<<<<

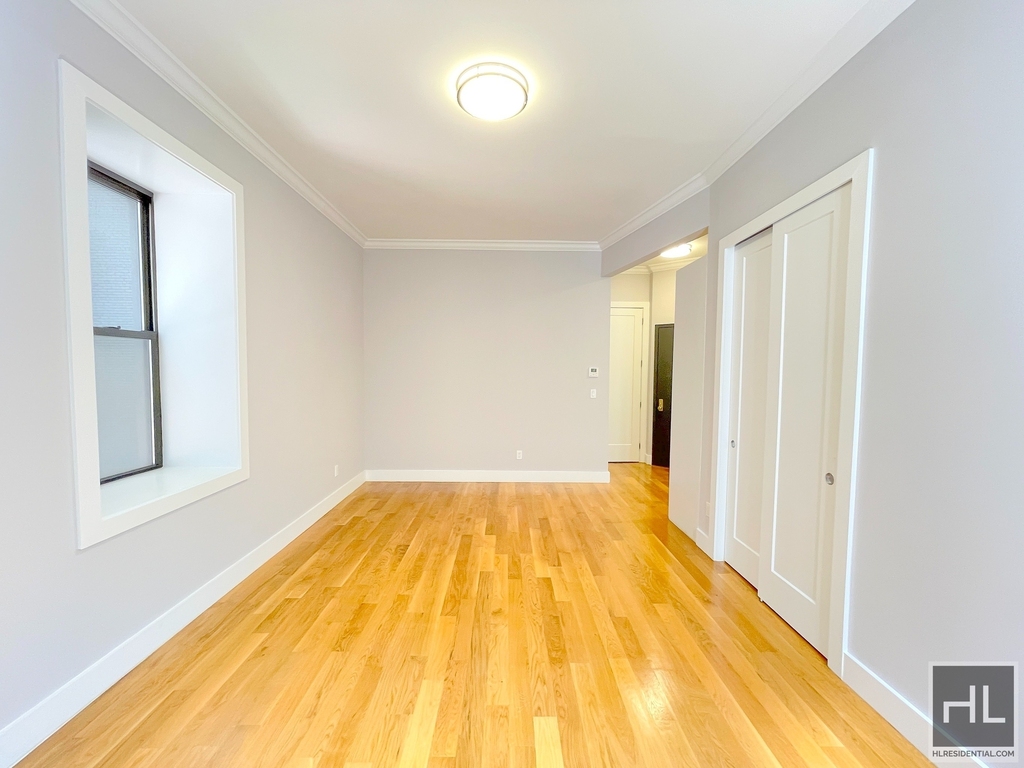 252 West 76 Street - Photo 3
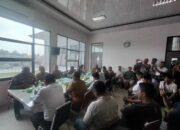 Sinergi dengan Pemerintah, Polsek Ujungbatu Turut Hadiri Rakor Penutupan Jembatan Sungai Rokan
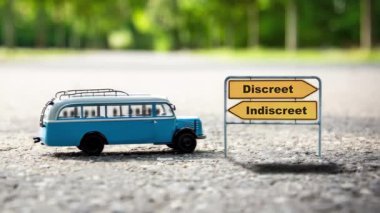 İki farklı yöne işaret eden işaret direkli bir video. Bir yön Sağduyuyu işaret ediyor, diğeri boşboğazlığı.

>>>>

▸ **Problem to solve**: Output the full listing verbatim; pictures stay out.

▸ **Task solution**:
 252 West 76 Street - Photo 3
 Sinergi dengan Pemerintah, Polsek Ujungbatu Turut Hadiri Rakor Penutupan Jembatan Sungai Rokan
 İki farklı yöne işaret eden işaret direkli bir video. Bir yön Sağduyuyu işaret ediyor, diğeri boşboğazlığı.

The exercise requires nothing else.